Only the lines below, from the one with "ヴィラプリムローズＣの物件間取画像" through the one with "Southern Pecan Pie - Original Artwork", are to be written out, exactly.

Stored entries

★ ★ ★ ★ ★ ★ ★

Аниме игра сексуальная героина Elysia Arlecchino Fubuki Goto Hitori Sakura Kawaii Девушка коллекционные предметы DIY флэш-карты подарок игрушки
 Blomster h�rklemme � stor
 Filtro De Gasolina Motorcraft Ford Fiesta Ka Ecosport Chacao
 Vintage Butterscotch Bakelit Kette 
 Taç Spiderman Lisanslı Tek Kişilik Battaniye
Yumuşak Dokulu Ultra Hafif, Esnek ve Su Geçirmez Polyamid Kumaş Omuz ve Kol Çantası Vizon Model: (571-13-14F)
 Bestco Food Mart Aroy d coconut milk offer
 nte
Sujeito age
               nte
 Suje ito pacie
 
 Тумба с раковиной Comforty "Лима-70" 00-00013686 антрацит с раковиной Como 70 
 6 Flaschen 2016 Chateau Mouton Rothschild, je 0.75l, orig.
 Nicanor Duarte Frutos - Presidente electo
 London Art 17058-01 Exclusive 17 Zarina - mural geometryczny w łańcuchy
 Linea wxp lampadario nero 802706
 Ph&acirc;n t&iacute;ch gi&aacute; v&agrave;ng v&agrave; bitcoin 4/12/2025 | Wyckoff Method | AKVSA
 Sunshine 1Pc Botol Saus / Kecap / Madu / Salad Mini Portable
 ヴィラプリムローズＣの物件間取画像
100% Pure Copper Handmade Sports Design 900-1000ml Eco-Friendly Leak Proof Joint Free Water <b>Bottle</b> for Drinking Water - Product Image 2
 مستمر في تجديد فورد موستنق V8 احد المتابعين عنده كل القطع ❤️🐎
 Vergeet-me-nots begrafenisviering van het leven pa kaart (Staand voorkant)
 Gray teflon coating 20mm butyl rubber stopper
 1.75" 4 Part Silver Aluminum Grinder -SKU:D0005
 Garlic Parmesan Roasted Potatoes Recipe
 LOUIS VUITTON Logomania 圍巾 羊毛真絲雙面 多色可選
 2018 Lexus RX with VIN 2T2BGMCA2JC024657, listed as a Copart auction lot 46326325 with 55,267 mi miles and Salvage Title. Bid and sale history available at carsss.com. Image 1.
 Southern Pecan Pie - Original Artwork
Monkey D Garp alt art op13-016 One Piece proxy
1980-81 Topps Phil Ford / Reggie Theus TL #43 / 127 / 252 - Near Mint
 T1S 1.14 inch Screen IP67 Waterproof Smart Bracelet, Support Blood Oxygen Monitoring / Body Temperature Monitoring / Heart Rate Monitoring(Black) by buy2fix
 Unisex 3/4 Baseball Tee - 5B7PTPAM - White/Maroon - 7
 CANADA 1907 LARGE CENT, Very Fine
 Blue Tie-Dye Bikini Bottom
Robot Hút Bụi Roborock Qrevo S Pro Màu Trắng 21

★ ★ ★ ★ ★ ★ ★

## Result below
 ヴィラプリムローズＣの物件間取画像
100% Pure Copper Handmade Sports Design 900-1000ml Eco-Friendly Leak Proof Joint Free Water <b>Bottle</b> for Drinking Water - Product Image 2
 مستمر في تجديد فورد موستنق V8 احد المتابعين عنده كل القطع ❤️🐎
 Vergeet-me-nots begrafenisviering van het leven pa kaart (Staand voorkant)
 Gray teflon coating 20mm butyl rubber stopper
 1.75" 4 Part Silver Aluminum Grinder -SKU:D0005
 Garlic Parmesan Roasted Potatoes Recipe
 LOUIS VUITTON Logomania 圍巾 羊毛真絲雙面 多色可選
 2018 Lexus RX with VIN 2T2BGMCA2JC024657, listed as a Copart auction lot 46326325 with 55,267 mi miles and Salvage Title. Bid and sale history available at carsss.com. Image 1.
 Southern Pecan Pie - Original Artwork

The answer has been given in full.